The January 2017 annual Point-in-Time Count identified 2,036 people who were either staying in an emergency shelter, transitional housing, or living on the streets, in cars or other areas not intended for human habitation. This number has remained relatively constant in the past five years..
The Point-in-Time Count occurs nation-wide, as directed by the U.S. Department of Housing and Urban Development (HUD). Hundreds of local volunteers comb the community to identify people who are experiencing homelessness on that particular day.
People who are Black or African American are overrepresented in the local homeless population. Although persons who identify as Black make up only 8% of the total Travis County population, 35% of the homeless population identify as Black. These estimates are based on standard homelessness needs assessments—called Coordinated Assessment Surveys—of 4,717 households.
This map, prepared by the Ending Community Homeless Coalition (ECHO), shows the distribution of the unsheltered homeless population by Austin City Council District during the 2018 Point in Time count. People experiencing homelessness without shelter are largely concentrated downtown.
During the 2016-2017 school year, Austin ISD’s Project Help program identified 2,311 students within the district who were either homeless, doubling up with relatives or others, or living in hotels, camp grounds, cars or other non-permanent housing. Despite a decrease during the 2016-2017 school year, over the past five years there has been a 13% increase in the number of students who have been identified by the District as homeless.
(ECHO) serves as the lead planning entity that coordinates the application process for, and management of the Continuum of Care (CoC) homeless services funding through HUD. ECHO helps homeless agencies implement Coordinated Assessment, a tool that ensures people are referred to the most appropriate services.
HUD awarded a $5.2 million grant to Austin/Travis County in January 2017 to end youth homelessness through an initiative lead by ECHO and Lifeworks.
ECHO is one of six entities nation-wide selected for a Pay for Success initiative.
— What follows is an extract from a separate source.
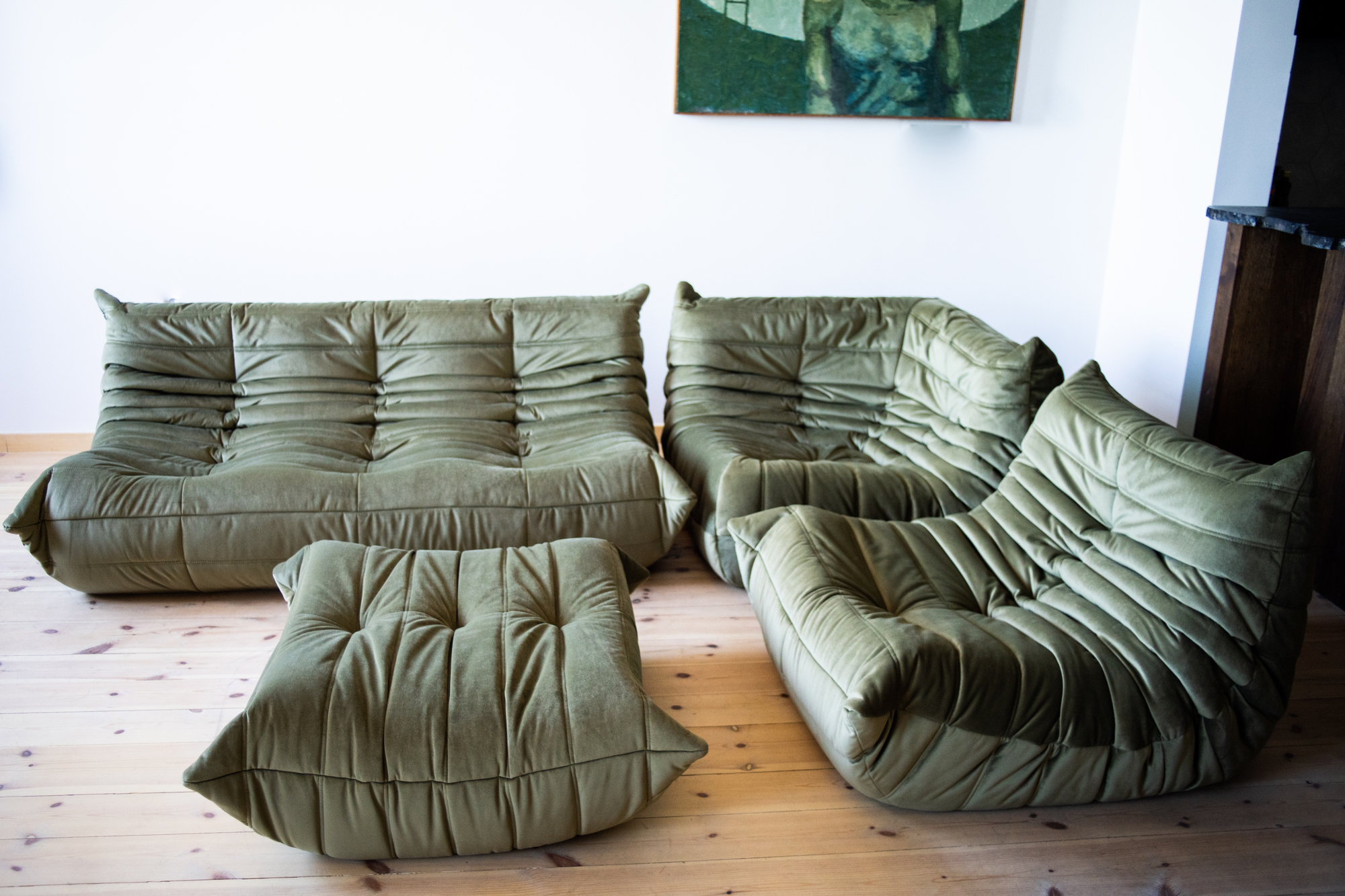 Togo Lounge Set 5-piece Velvet Khaki Green 0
ECHO is working with Central Health, Travis County and the City of Austin to evaluate what savings our community can realize by providing services to people experiencing chronic homelessness who are high utilizers of crisis emergency services. By investing about $28,000 per person on housing, intensive case management and other services, the community can achieve a projected cost avoidance of about $50,000 per person due mostly to fewer emergency room visits, hospital visits and jail stays.
In August 2016, Austin became the 29th community nationwide to have effectively ended Veteran homelessness. This was achieved by building an unprecedented system led by Mayor Steve Adler’s leadership, strategic collaborations, and new housing strategies.